Materials and methods

Materials

Zinc acetate dehydrate (Zn(CH3COO)2.2H2O, > 98%), copper (II) nitrate trihydrate (Cu(NO3)2.3H2O, > 99.5%), hydrochloric acid (HCl, 37%), sodium hydroxide pellets (NaOH, > 99%), and the stock solution 1000 ppm of Cu (II) were purchased from Merck company (Germany). All the chemicals were analytical grade and were used as received without further purification. All working solution was prepared with double distilled water.

Green synthesis and characterization of Cu-doped ZnO NPs

Piper chaudocanum L. leaves were thoroughly washed, dried, and then grinded into powder. Ten grams of the powder was ultrasound extracted by 100 mL of distilled water at 60 °C for 1 h. The extract was cooled, filtered, centrifuged, and then stored at 4 °C for further experiments. Completely dissolve mixture of zinc acetate and copper (II) nitrate (molar ratio 99:1; 95:5 and 90:10 respectively) was completely dissolved in 30 mL of distilled water, and 15 mL of extract was added drop by drop into the mixture solution at 70 °C under vigorous stirring, then heated at 80–90 °C to form a gel (approximately for 3 h), which was subsequently kept in an oven at 105 °C to obtain xerogel. Then, the xerogel was grounded into powders and then calcined at 450 °C for 1 h to get materials and denoted ZSCu1, ZSCu5, and ZSCu10, respectively. The same procedure was performed with the reaction between a solution of zinc acetate and oxalic acid (instead of the extract) [32]; the obtained product is denoted by ZnO.

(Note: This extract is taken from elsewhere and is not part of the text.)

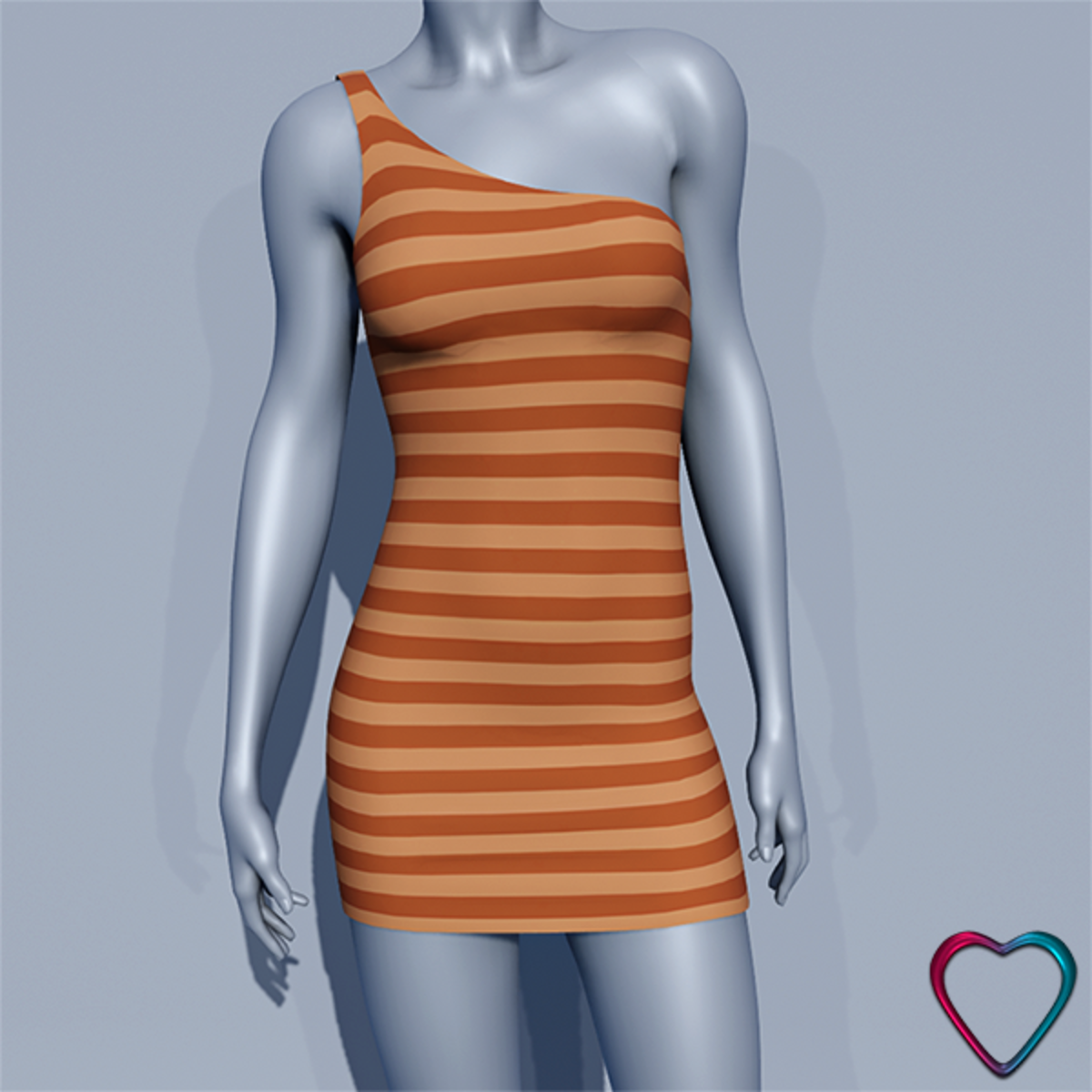 One Shoulder Striped Dress - Cream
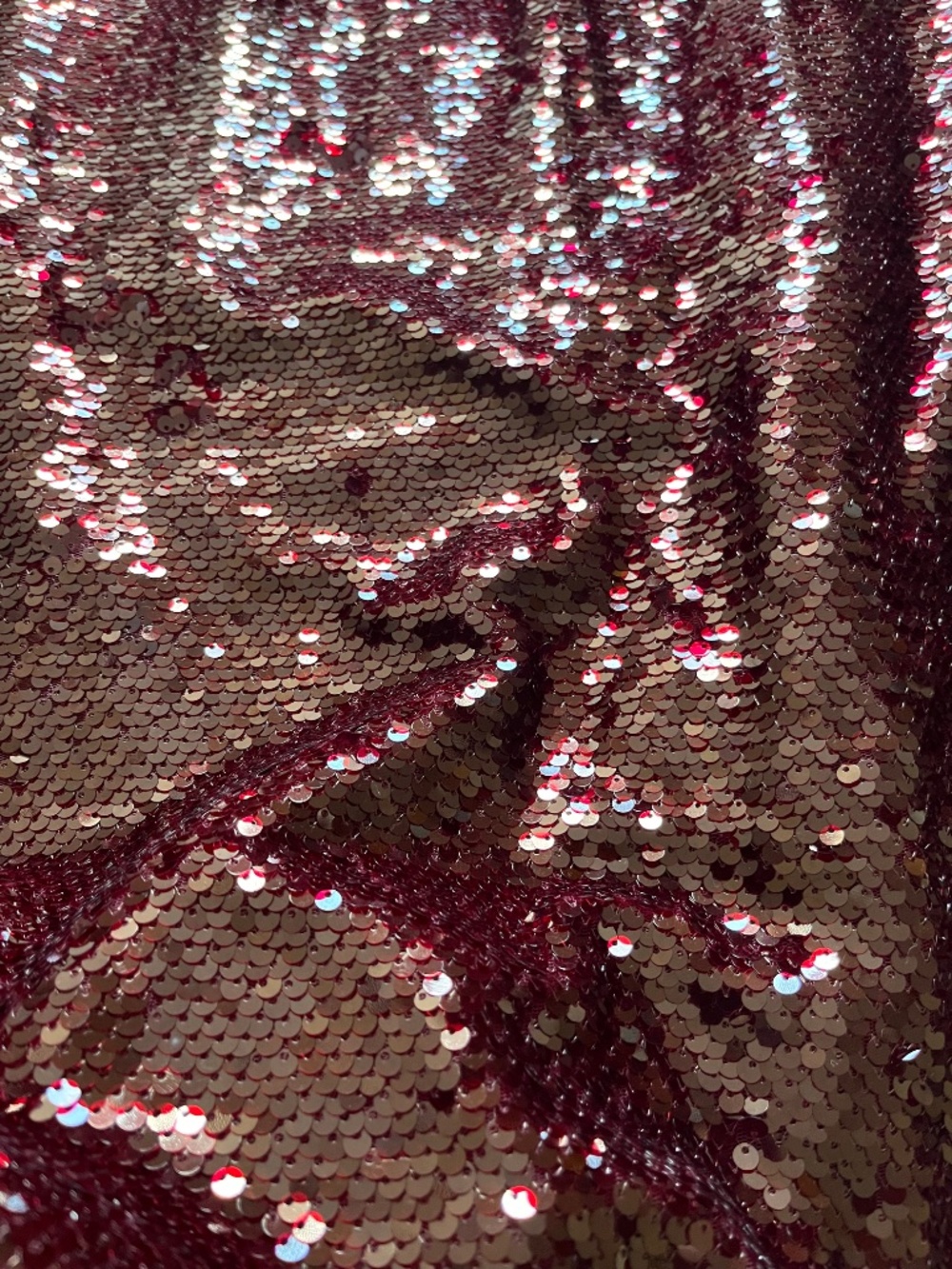 NEW Gianni Bini Ella Midi Dress Sequin Long Sleeve Party Dress Size 4 Maroon Red - Picture 6 of 6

The sample was characterized by X-ray diffractometer (Max 18XCE, Japan) equipped with CuKα radiation (λ = 0.15406 nm), scanning rate of 0.02° s−1 and 2θ ranges from 20 to 65°. Elemental analysis of samples was measured using Energy-dispersive X-ray spectroscopy (JSM-7900F). SEM images were obtained by scanning electron microscope (Leo 1430VP) at an accelerating voltage of 200 kV. Surface areas and porosity analysis were also performed the Brunauer–Emmett–Teller (BET) model (TriStar 3000 V6.07) with nitrogen gas at 77 K.

Determining the point of zero charge (pHpzc), the 0.1 M NaCl solutions were prepared with an initial pH (pHi) ranging from 3 to 11, and pH adjustment was performed with 0.1 M HCl and 0.1 M NaOH solutions. Five milligrams of sample was added to 10 mL of the NaCl solution prepared above. The mixture was shaken well for 1 h and then allows to stand at room temperature for 48 h before being filtered and the pH measured again. The point zero charge was obtained from the plot of ∆pH (change in pH) vs. initial pH.

Adsorption experiments

The adsorption experiments were investigated under a varying pH (4, 5, 6, and 7), time (10, 30, 50, 90, 120, and 180 min), adsorbent dosage (0.2, 0.5, and 1.0 g/L), and initial Cu (II) concentration (10, 20, and 30 ppm). In each test, a fixed amount of samples was added to a 10 mL Cu (II) solution of known concentration and pH which was contained in a 15-mL falcon tube, followed by shaking for a time. And then, the solutions were centrifuged for 10 min at 5000 rpm, and the supernatant solution was taken out to analyze the remaining concentrations of Cu (II) ions by flame atomic absorption spectrometry (F-AAS). The adsorption experiments were executed in triplicates to calculate the average results. The adsorption capacity (q, mg/g) and adsorption efficiency (H, %) were calculated according to the formula:

$$q=\frac{{(C}_{o}-{C}_{e})V}{m}$$
(1)
$$H\%=\frac{{(C}_{o}-{C}_{e})}{{C}_{o}} \times 100\%$$
(2)

where V (L) is the volume of the solution, m (g) is the mass of the adsorbent, and C0 and Ce (mg/L) are the initial concentration and the concentration at adsorption equilibrium of Cu (II) ions.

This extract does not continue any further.